Regardless, when I was a wee little Belle, I had a fine time wandering around and looking at all of the beautiful china, crystal and silver.  Of course, my tastes changed over the years.  In the early days, I was drawn to what I can only describe as circus china (the more color the better) and crystal cut so much that it would blind a person if it caught a ray of sunlight.  Snazzy!  (Of course, I also thought that George Michael was the hottest manly man to ever prance across the MTV screen...we all eventually grow out of the illusions of our youth.)  After I was about ten years old, I could immediately tell the name of the silver pattern and its manufacturer and my taste never changed on that front—I knew exactly what I wanted. 

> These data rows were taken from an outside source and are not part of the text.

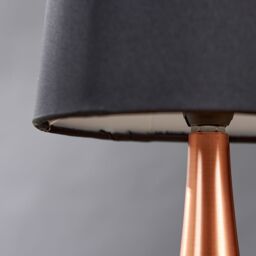 ValueLights Teardrop Pair of Compact Black Shades Copper Bedside Touch Table Lamps - thumbnail 3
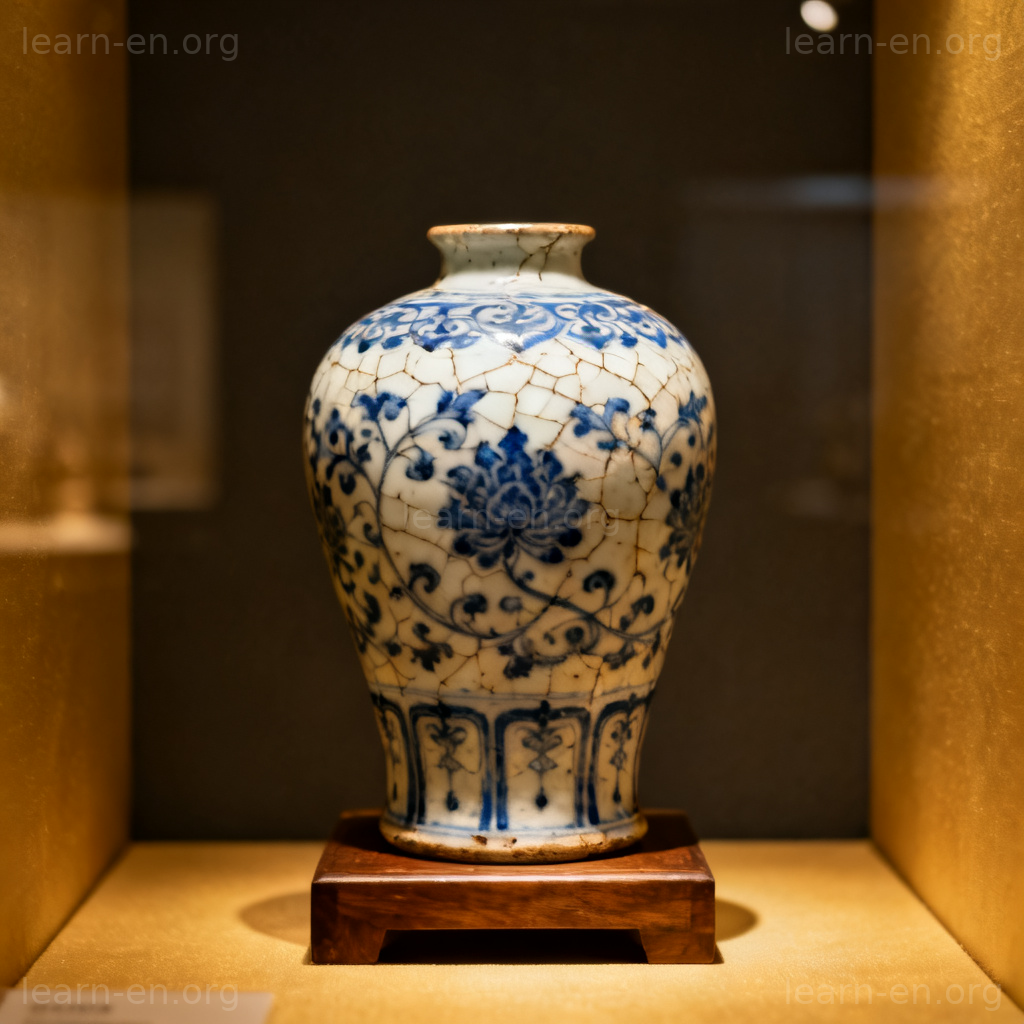 antique 含义图解：博物馆中展示的古老中国青花瓷瓶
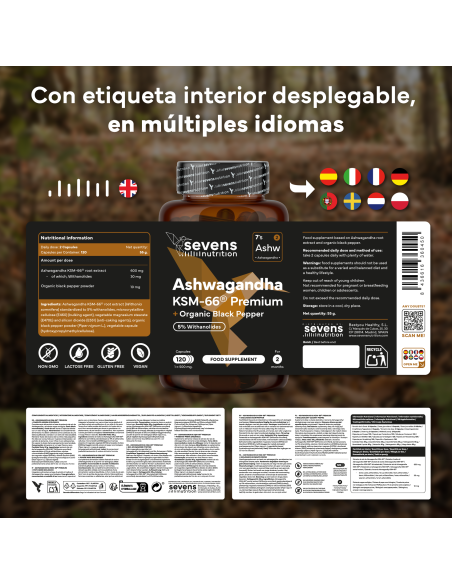 Sevens Nutrition Ashwagandha KSM-66 120 cápsulas
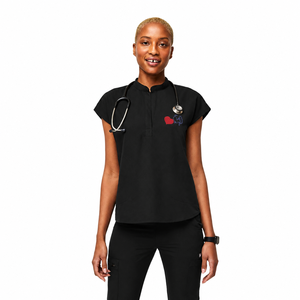 Ensemble d'uniformes vétérinaires brodés sur mesure avec logo cœur et chat pour le personnel d'hôpital vétérinaire - Product Image 1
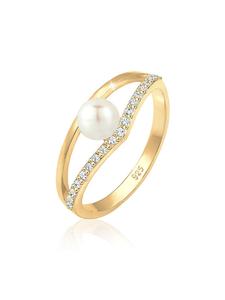 Elli Кольцо для помолвки из серебра 925 пробы, геометрический узор в золоте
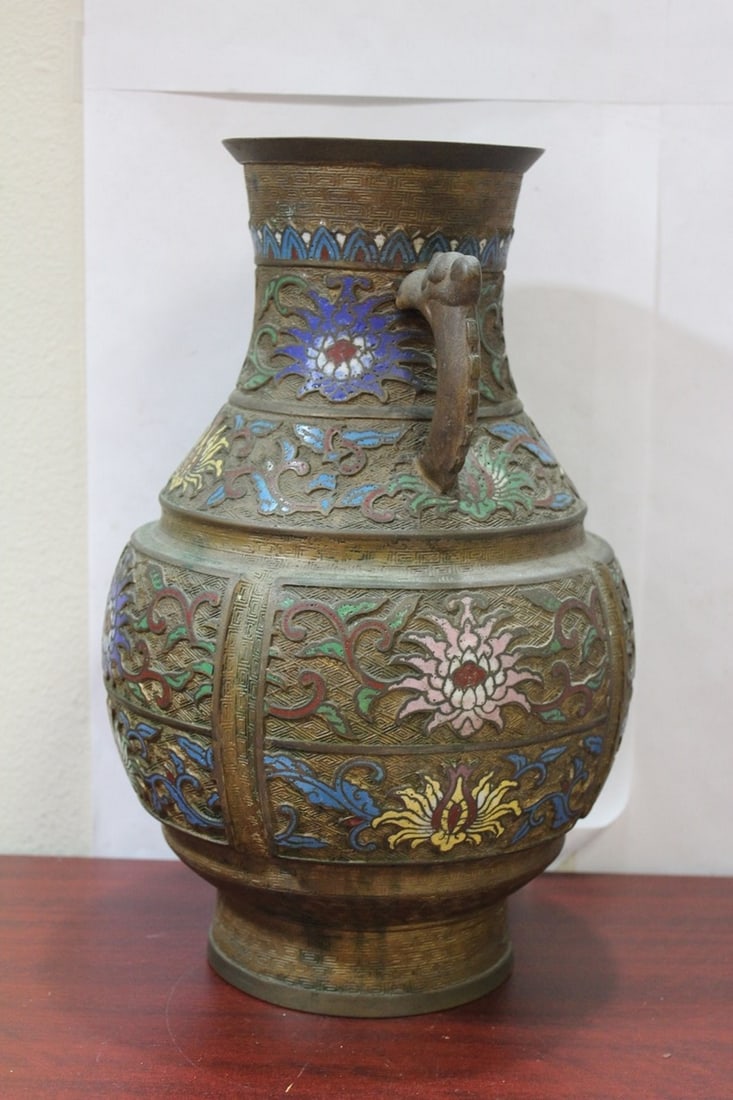 An Antique Japanese Bronze Champleve Vase - 2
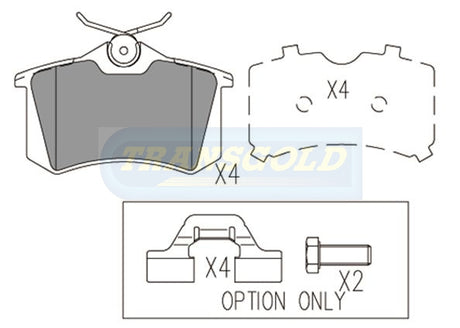 Brake Pads Rear Fits Volkswagen 3D 2.0 Hatchback Beetle Jan2000 On, Volkswagen Bora 2.0,2.3 Sedan2000 On TG1449N - Transgold | Universal Auto Spares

So, how seriously does a Southern Belle take her good table service?  Let me tell you the story of two Belles:

Belle S and Belle B have known each other forever.  Their families are so close that they think of each other more as relatives than friends.  After a get together many years ago, Belle B discovered that Belle S always counted her silver when putting it up after use.  The practice was more of a habit than anything else, but Belle B found it terribly amusing that "they couldn't be trusted" and it became a great source of family humor and dinnertime conversation for years to come.

As time passed and the children grew up and went to college,  Belle S and Belle B’s families still got together whenever possible.  This new phase of their lives brought visiting college friends to the table where old stories were told and new stories were made.

Of course, “The Silver Story” was told one night during a dinner at Belle B’s house.  Belle S’s son brought a friend home from school have to understand...he was from Arizona.  Arizonians aren’t very familiar with our ways.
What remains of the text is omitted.